Overall, it was considered that the V/Q maps could be adequately generated in this study.
In the present study, the xenon images and perfusion images were taken consecutively rather than simultaneously, and were not identical images. Therefore, manual, followed by software driven registration was used to align the two images. Theoretically, by using the current image registration technique, the regional ventilation, perfusion, and V/Q of every pixel in the entire lung could be evaluated. Misregistration of manual registration process primarily due to motion and/or differences in the depth of breathing during imaging acquisition is always a possibility, but at least visually there were minimal errors in the current study. Further improvements in the registration software, such as non-linear registration technique , may alleviate these issues.
It is well documented that the uneven distribution of alveolar ventilation and pulmonary blood flow is the most important cause of arterial hypoxemia (with or without hypercapnia) [11, 12]. Alveolar ventilation and perfusion can be indirectly evaluated using PFT. However, the PFT is a global measure of all changes in lung function and does not assess regional changes in alveolar ventilation and pulmonary perfusion. To our knowledge, there are a number of reports of V/Q map generation using dual energy CT [13, 14], but it has not been evaluated in patients undergoing lung resection.
In the present study, overall, VC and FEV1 decreased after resection significantly as expected, but no significant changes were observed pre- and post-resection in the other respiratory function parameters that we have measured. Also, the blood gas analysis data, and DLCO/VA data showed no significant changes pre- and post-resection except for decreased tendency of DLCO/VA in the patients with postoperative complications.

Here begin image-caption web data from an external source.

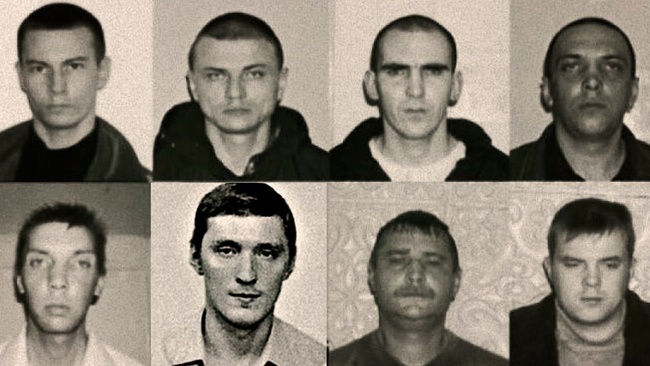 Банда сутенеров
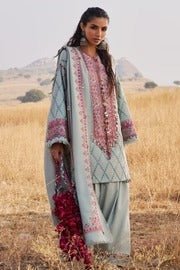 NAYAB (ZW25-06) I WINTER'25 I Zaha by Khadija Shah - Portia Fabrics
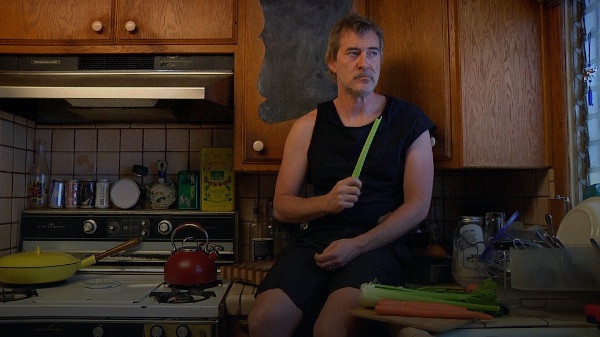 S2E4 Ava: Ave films a documentary about a raw vegan discovering his trauma
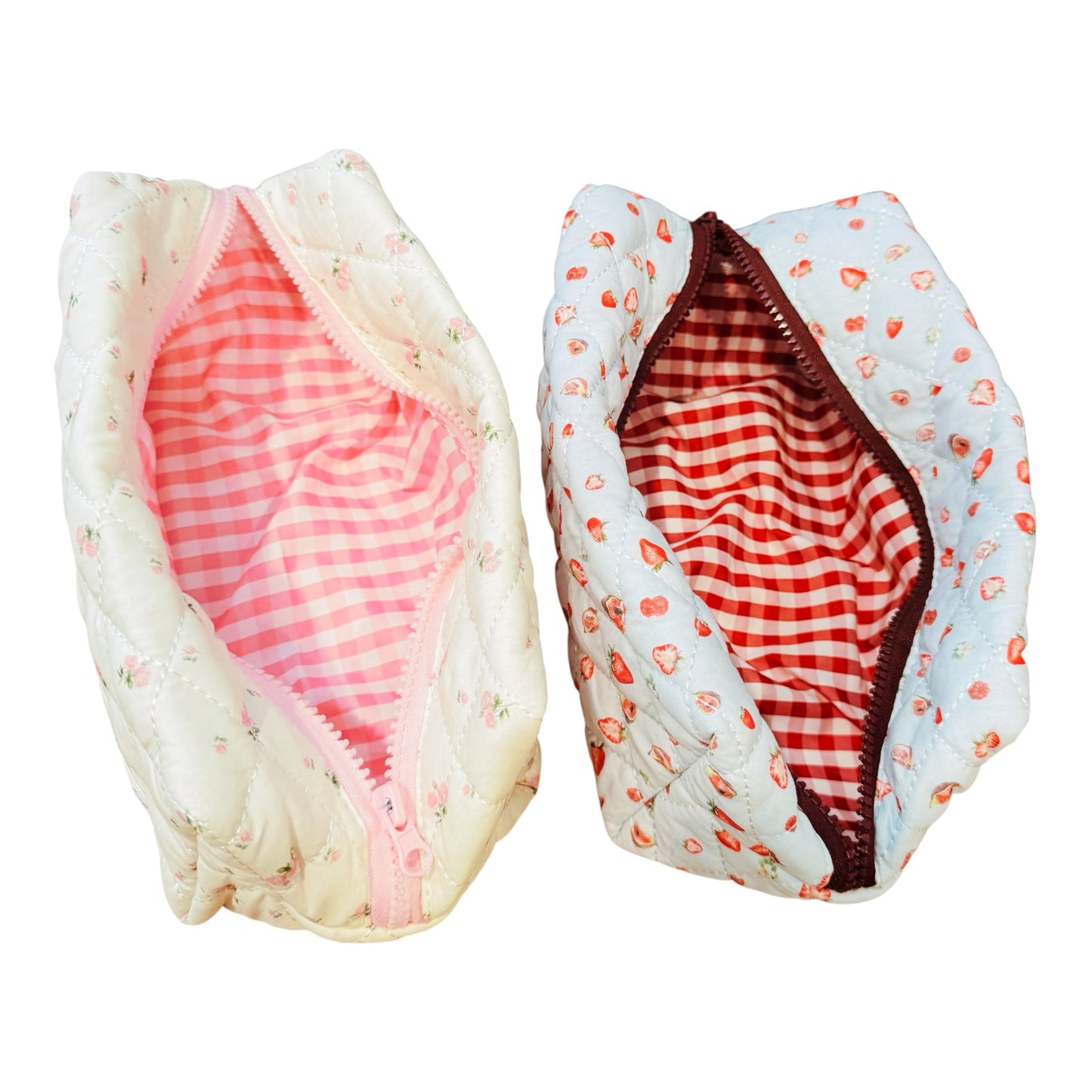 Berry Sweet Make Up Pouch / Bag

Although SpO2 was significantly decreased, the significance of this data is not clear in the absence of significant decrease in PaO2. In accordance with these data, V/Q derived from the dual energy CT was basically unchanged before and after resection. This trend was also similar in the numerical indices of distribution that we have looked at, except for the slight but significant increase in FD which was observed in patients without any postoperative complications, and in patients who received thoracotomy. Our previous study suggests increase in FD derived from V/Q ratio is indicative of increase in self-similar structure . Although the structural significance of this finding remains to be elucidated, it may suggest decreased structural heterogeneity, although more patients will be required to further pursue this finding. This result together with the overall decreasing tendencies in SD, CV and skewness suggest that V/Q may have become more uniform by compensatory mechanisms after resection procedures. Whether this means any improvement in lung gas exchange cannot be confirmed, but both the blood gas analysis data and DLCO/VA data were sustained with no significant changes pre and post resection, indirectly supporting this notion. Notwithstanding, no mechanistic insight is available at this time regarding the association of the V/Q distribution indices and blood gas analysis data, and DLCO/VA data.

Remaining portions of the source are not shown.